PROBLEM DETAILS => Your copy starts at the line containing "ぬりえであそぼう かたちでおぼえる１年生でならう漢字 icon" and ends at the last line below. Copy exactly, without pictures.

[Short descriptive text snippets]

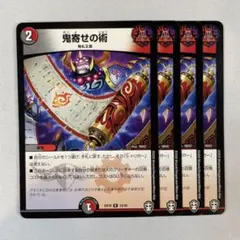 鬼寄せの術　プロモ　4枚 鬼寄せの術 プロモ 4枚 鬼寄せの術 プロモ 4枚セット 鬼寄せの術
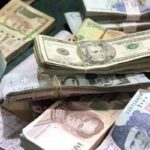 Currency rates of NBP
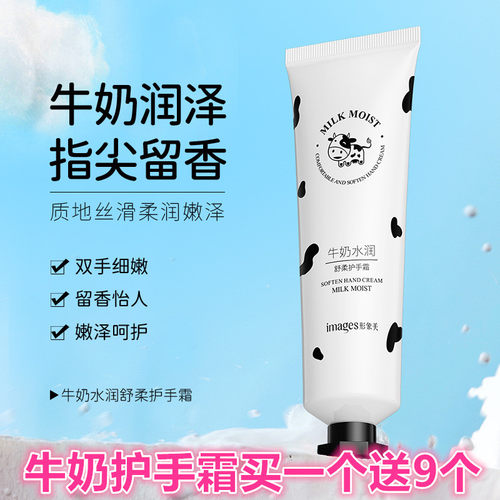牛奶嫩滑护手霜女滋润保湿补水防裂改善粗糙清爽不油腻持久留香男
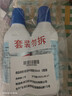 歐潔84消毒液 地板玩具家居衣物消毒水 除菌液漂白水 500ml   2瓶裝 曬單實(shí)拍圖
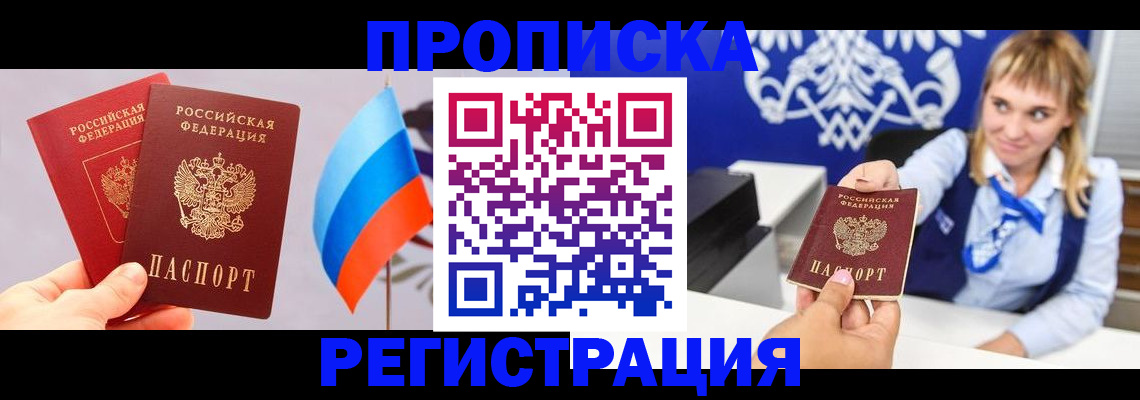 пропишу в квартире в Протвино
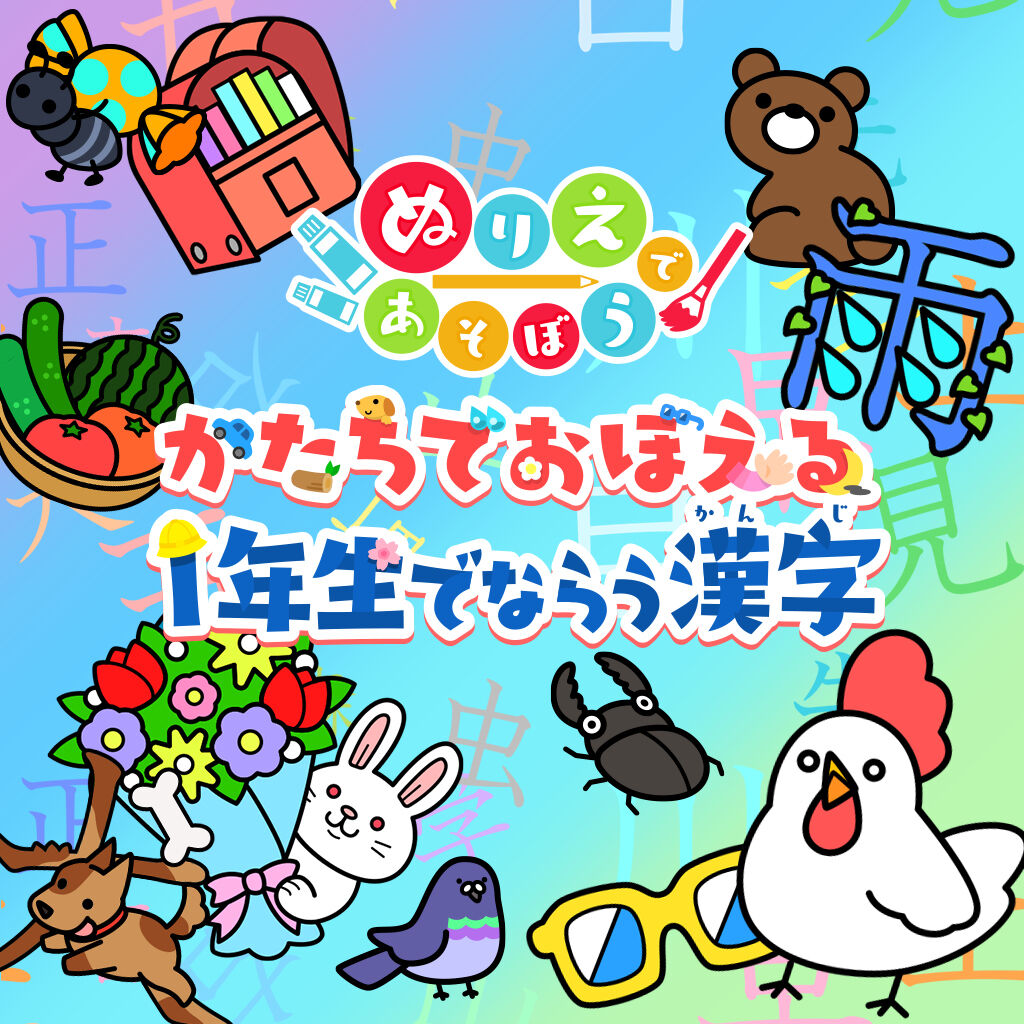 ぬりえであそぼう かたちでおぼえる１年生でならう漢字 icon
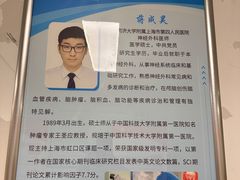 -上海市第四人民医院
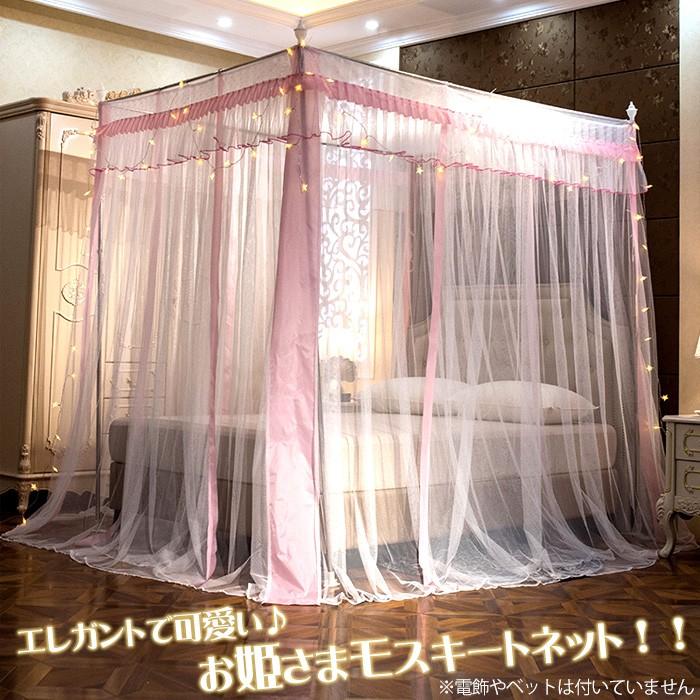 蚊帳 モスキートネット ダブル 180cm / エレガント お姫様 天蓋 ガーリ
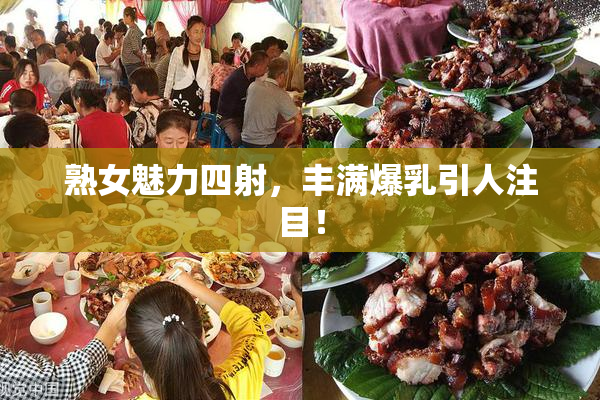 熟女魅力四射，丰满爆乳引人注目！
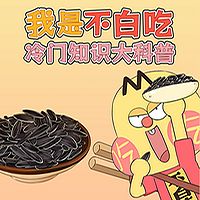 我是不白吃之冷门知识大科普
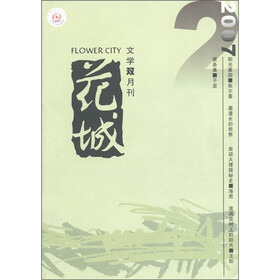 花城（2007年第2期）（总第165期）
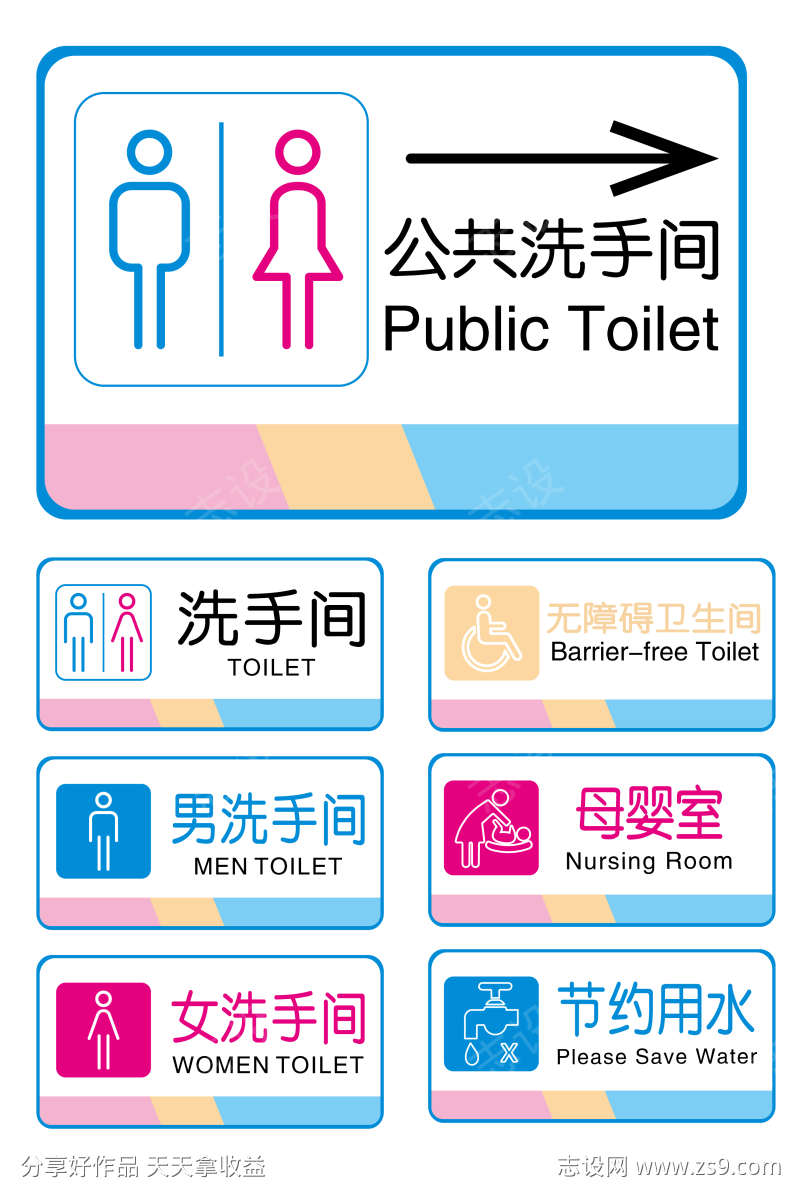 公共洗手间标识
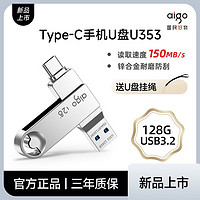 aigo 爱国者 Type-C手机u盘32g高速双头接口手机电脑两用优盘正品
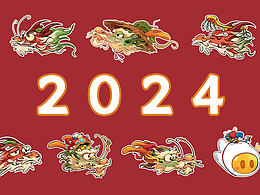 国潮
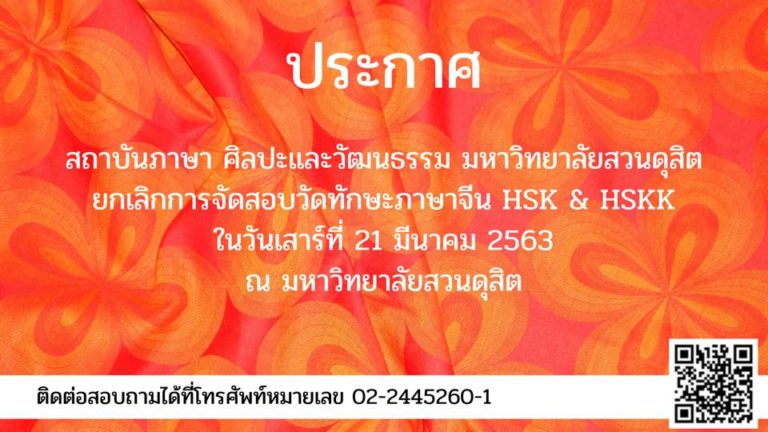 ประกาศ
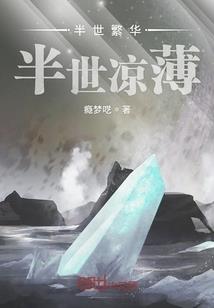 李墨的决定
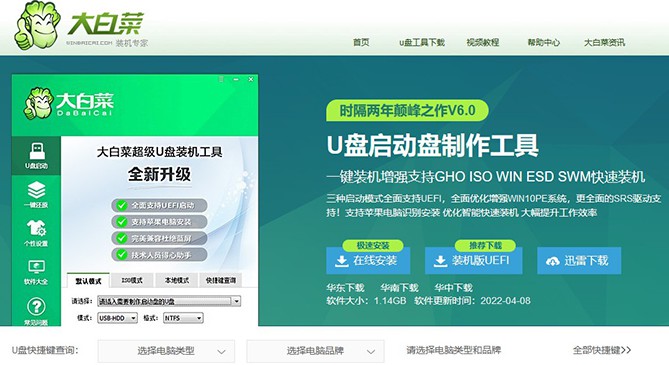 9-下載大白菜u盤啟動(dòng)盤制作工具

TASK OUTPUT =>
 ぬりえであそぼう かたちでおぼえる１年生でならう漢字 icon
 -上海市第四人民医院
 蚊帳 モスキートネット ダブル 180cm / エレガント お姫様 天蓋 ガーリ
 熟女魅力四射，丰满爆乳引人注目！
 我是不白吃之冷门知识大科普
 花城（2007年第2期）（总第165期）
 公共洗手间标识
 aigo 爱国者 Type-C手机u盘32g高速双头接口手机电脑两用优盘正品
 国潮
 ประกาศ
 李墨的决定
 9-下載大白菜u盤啟動(dòng)盤制作工具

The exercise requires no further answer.